Alagappan Muthu (ESPNcricinfo)
The romance of T20 cricket is that one ball can change the game. Cobras were reminded of it in gruesome fashion in the 18th over. Their lead bowler Vernon Philander had routed Hobart Hurricanes’ final hope when he had Aiden Blizzard caught on the long-on boundary, and it did not augur well for the chase that a new batsman had to come in with an equation of 38 off 17 balls. Blizzard was walking off the field when he was asked to wait; the umpires wanted to double-check the legality of the ball. The replay gutted Cobras – Philander had overstepped.
Blizzard had reached his fifty off the previous delivery, and he feasted on the free-hit – that monstrous six over square leg was part of a 24-run over. A match that had slowly been tipping into the Cobras’ hands was wrested away and Hurricanes hurtled to victory with one over to spare.
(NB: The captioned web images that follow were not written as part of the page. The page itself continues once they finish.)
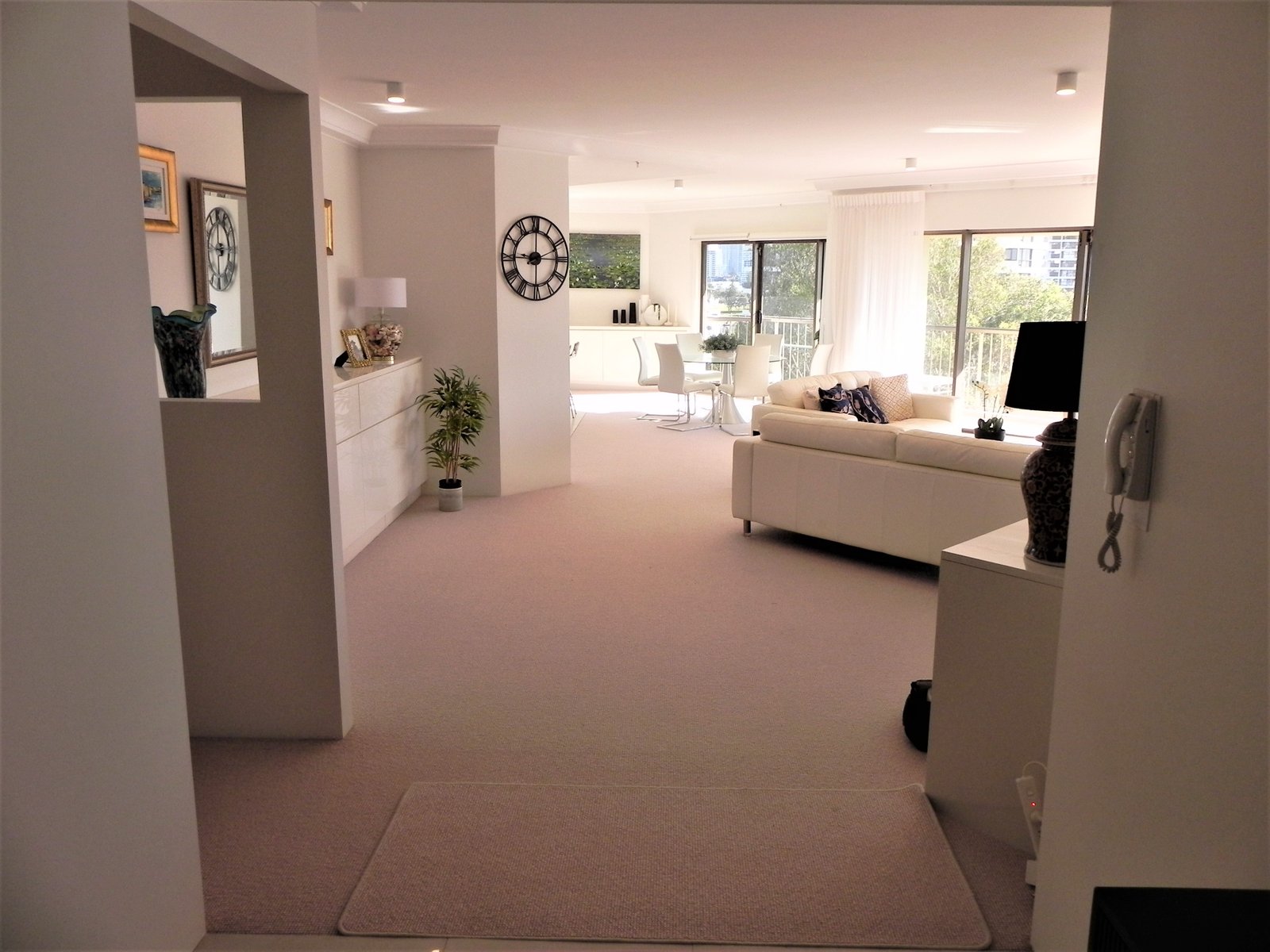 24/8 Admiralty Drive PARADISE WATERS 3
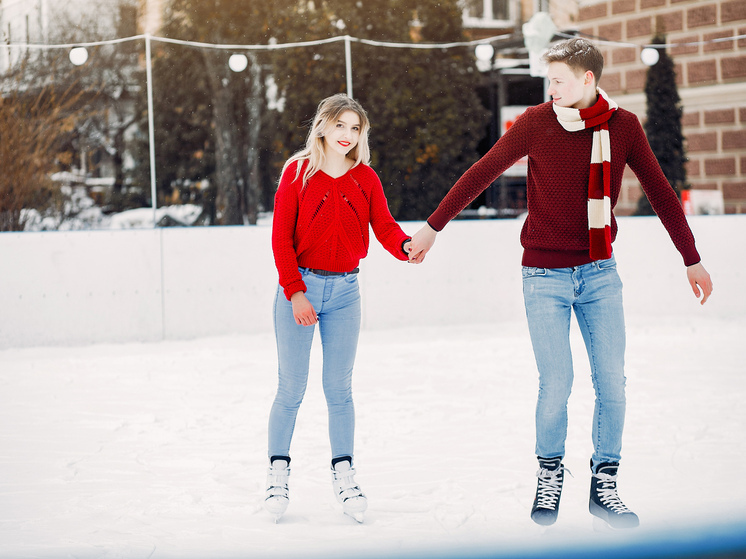 В Красноярске открывается сезон массовых катаний на катке у БКЗ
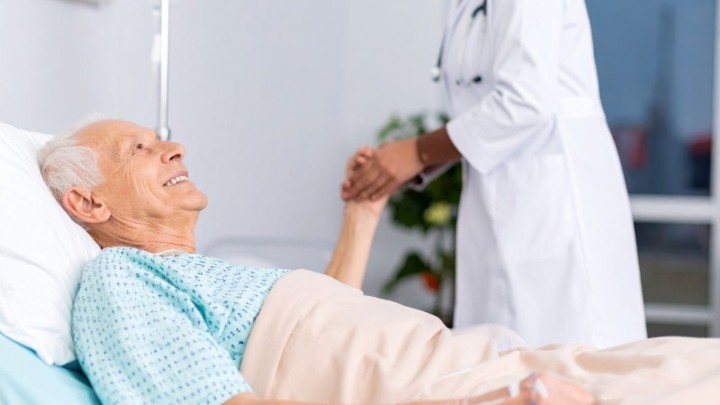 Umirovljenik pipao doktoricu: 'Krenuo je razmicati kutu, osjećala sam se neugodno' 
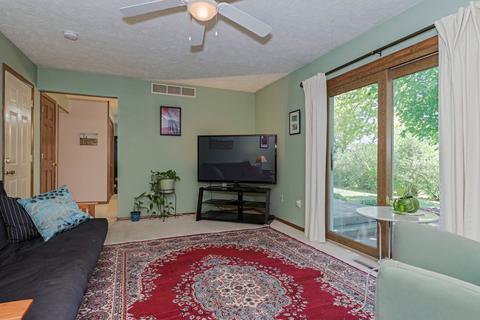 1310 Heritage Rd E, Normal, IL 61761 photo 20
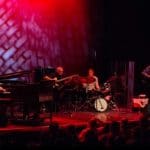 Trípodes Gravity exitoso estreno con grandes estrellas del jazz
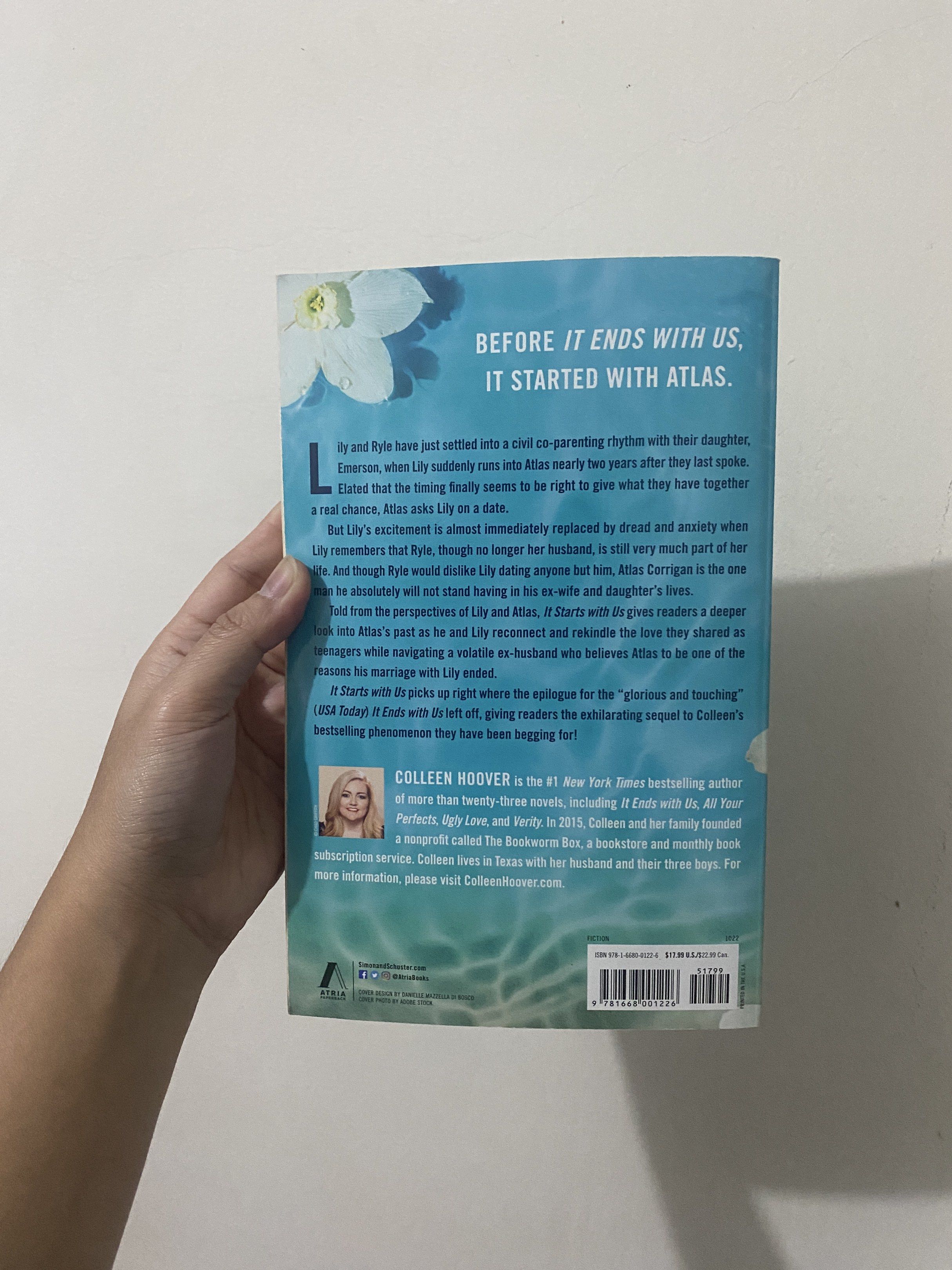 It Starts With Us by Colleen Hoover (Category: Storybooks) located in Quezon City. Submitted by _ashfall (Listing ID 1419528758, Image 2). Description: Paperback.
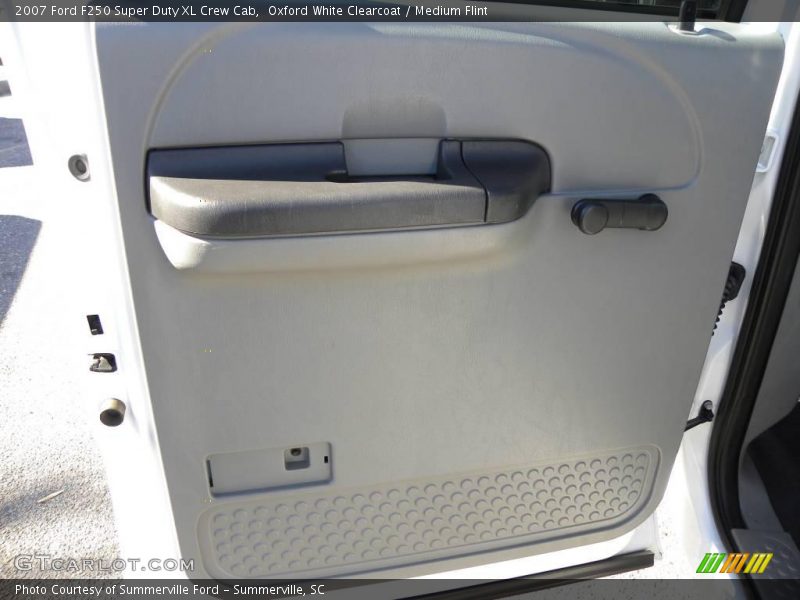 Oxford White Clearcoat / Medium Flint 2007 Ford F250 Super Duty XL Crew Cab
Philander was completely thrown. He dished out length balls and worse full tosses to be carted for two fours and two sixes in seven deliveries. Philander had caused confusion among the Hurricanes’ bowlers when Cobras batted, and had been a vital cog in a seventh-wicket partnership that razed 52 runs in four overs and inflated the target to 185. Memories of his 32 off 14 evaporated, however, as Blizzard reaped his luck to take 26 runs off eight balls to finish unbeaten on 78 off 48.
Both teams were pleased with the pitch at the start of the game. Hurricanes captain Tim Paine said it looked “terrific”; his Cobras counterpart Justin Ontong foresaw some turn and loaded his side with an extra spinner. Dane Piedt’s impact was minimal though as he injured his right arm but the other change, Sybrand Engelbrecht, thrived. The slower he bowled, the more difficult it got for Hurricanes. By the end of Engelbrecht’s spell – 4-0-20-3 – the equation was 60 off 30 balls. Charl Langeveldt, who reversed his retirement for this tournament, compounded that with a terrific 17th over that yielded only six runs – one of which was a tight wide call.
Blizzard was saddled with a required rate that was inching to 15. He had used pure power to fuel his innings and the ploy hadn’t been as effective when the bowlers opted to change their pace. His tally against spin was 29 off 27. But the situation empowered him to continue and Cobras helped him by feeding him pace and worse, at the exact length a batsman would like. His innings overshadowed another half-century at the top of the order. Ben Dunk had accumulated 41 of the 51-run opening stand.
At that stage, the chase looked perfectly on course. Cobras’ 62 runs in their Powerplay was the best in this CLT20. Hurricanes missed that by only three runs. Cobras edged ahead during a tight middle-overs period in the Hurricanes’ innings – only 47 runs came between the ninth and the 15th and there were three wickets as well.
But in the end they were disconsolate and in disbelief. They were still without points despite a blitz from Richard Levi, who offset the early dismissal of Hashim Amla with a typically muscular 42 off 30. The Hurricanes’ bowlers took their time recognising the impact of changing their pace. They had tested the pitch with Xavier Doherty in the third over. In the fifth, he beat Levi’s outside edge but the batsman hit back with two successive fours.
Eventually they caught on with Ben Laughlin showing off different variations of his slower ball to pick up 2 for 31. Levi’s dismissal in the 10th over helped, but just as the innings seemed to be meandering, Robin Peterson’s unorthodoxy and Philander peppering the straight boundary revived them. However, Philander’s luck ran out when it was time to bowl.